STEM help / Getting started

1.2.10 Drawing conclusions from the modelling

The standard financial measure of a project’s performance is the Net Present Value (NPV) of future cashflows over a specific period, such as ten years, for a given discount rate. STEM allows you to compute this, not only for a fixed period, but for any period up to the end of the model run. This more general Discounted Cash Flow (DCF) analysis enhances understanding of the financial flows associated with each scenario and allows you to compute measures such as the discounted pay-back period.

Figure 1 compares the NPV for the three scenarios at a discount rate of 10%. In order to generate this graph, select Draw… from the Graphs menu: select Network, NPV and Fast/Medium/Slow in the Elements, Graphs and Scenarios tabs, respectively. The graph shows that, for this particular set of assumptions, the shortening of the roll-out period from ten to five years has a significant impact on the NPV after 15 years. Furthermore, the Moderate roll-out scenario reduces the discounted pay-back period by one year compared with the Slow scenario, but requires a peak borrowing 40% higher than the Slow scenario in 2002.

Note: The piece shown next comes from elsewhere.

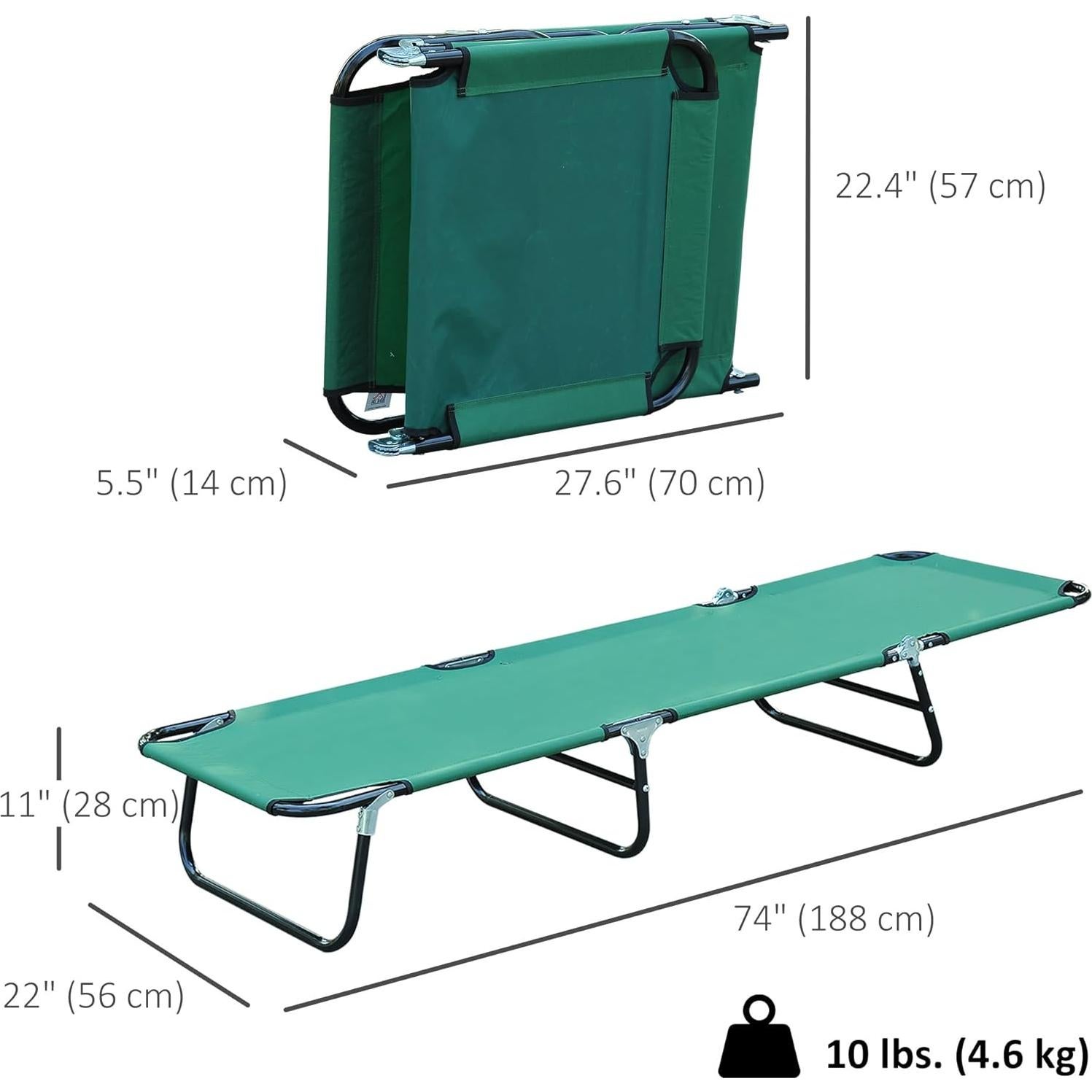 Silla de Playa Plegable Outsunny Verde con Respaldo Reclinado 5 Niveles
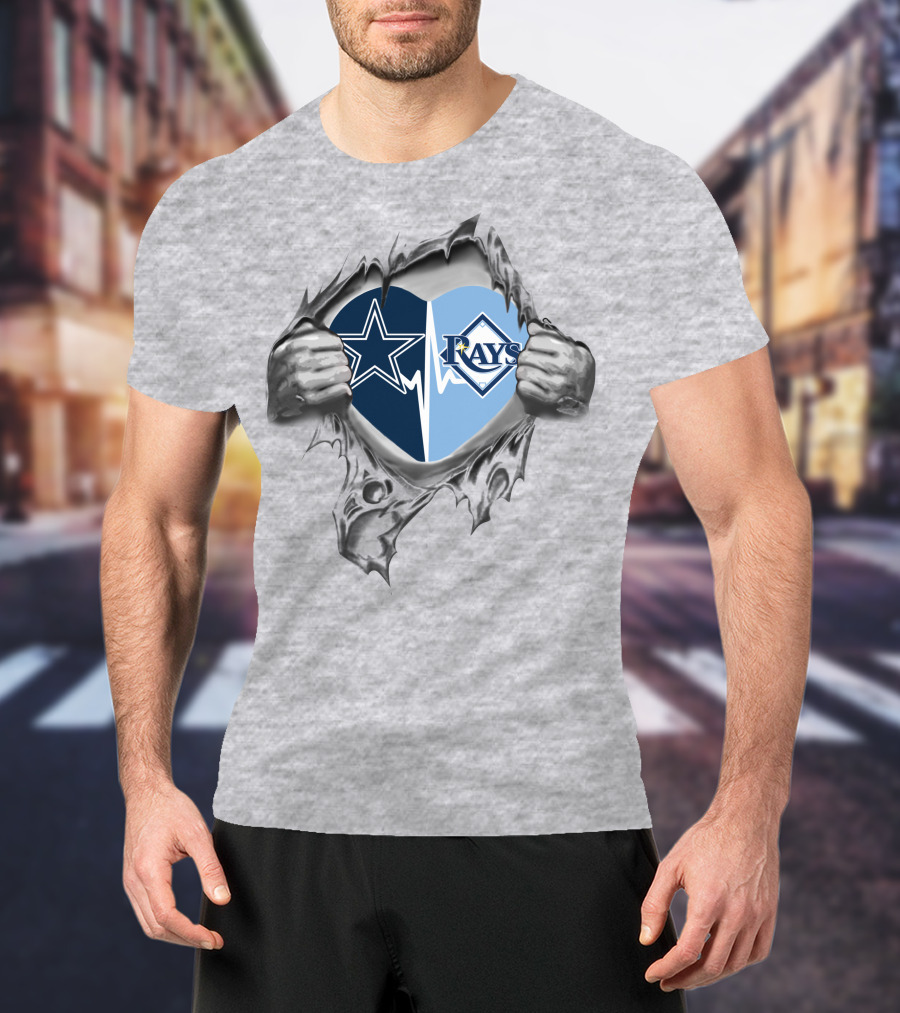Cowboys Tampa Bay Rays Star Logo Heart T-Shirt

As the Fast scenario shows, a further decrease in the roll-out length increases the borrowing requirements, but the extra revenue generated does not reduce the pay-back period any further or give a higher terminal NPV than the Moderate scenario. Thus, the Moderate scenario appears to be the optimal roll-out strategy, with the shortest pay-back period and the highest terminal NPV.

Figure 1: Network Net Present Value

This conclusion can be re-enforced by comparing the Internal Rate of Return (IRR) for these three scenarios – the constant discount rate which would give a zero NPV in a given year. As you can see from Figure 2 below, the Moderate scenario consistently out-performs both the other scenarios.

Note: The IRR result is unavailable before 2005 because the nominal (undiscounted) cashflow does not pay back until this point, and not until 2006 in the Slow scenario.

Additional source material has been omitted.